◆ Extracted data
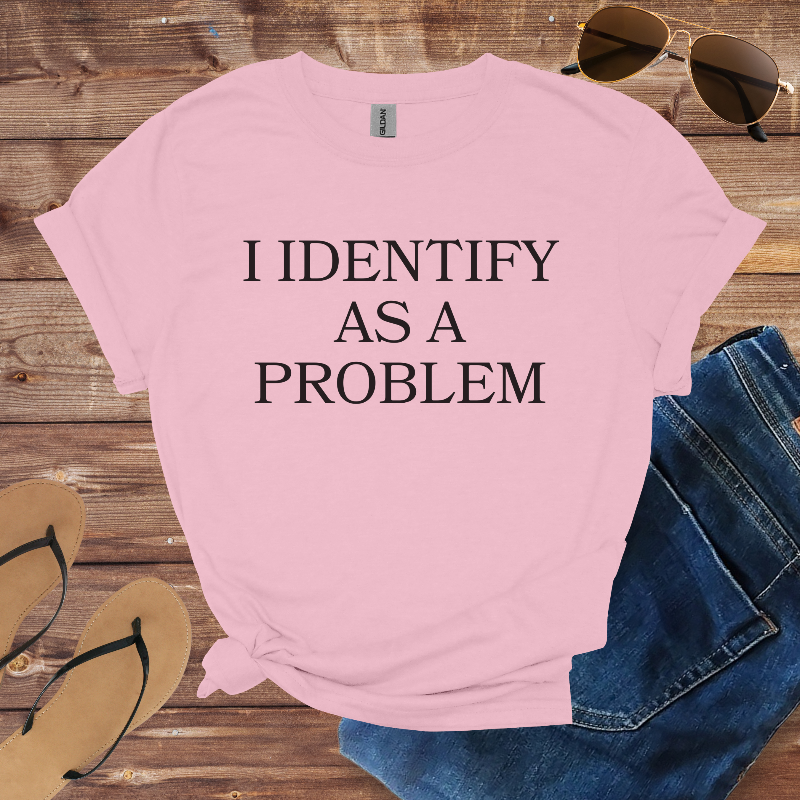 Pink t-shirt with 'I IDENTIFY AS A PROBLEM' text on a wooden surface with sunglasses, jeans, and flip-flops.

--

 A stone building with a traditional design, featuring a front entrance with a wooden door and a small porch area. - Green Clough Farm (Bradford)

---

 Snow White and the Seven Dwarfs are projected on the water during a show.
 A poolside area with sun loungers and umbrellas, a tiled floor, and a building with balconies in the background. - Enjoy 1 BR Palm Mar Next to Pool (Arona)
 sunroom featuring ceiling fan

◆ Problem to work on
Beginning with the line containing "A poolside area" and ending with the line containing "sunroom featuring ceiling fan", extract those lines exactly from the listing above, and only those.

◆ Finished exercise
 A poolside area with sun loungers and umbrellas, a tiled floor, and a building with balconies in the background. - Enjoy 1 BR Palm Mar Next to Pool (Arona)
 sunroom featuring ceiling fan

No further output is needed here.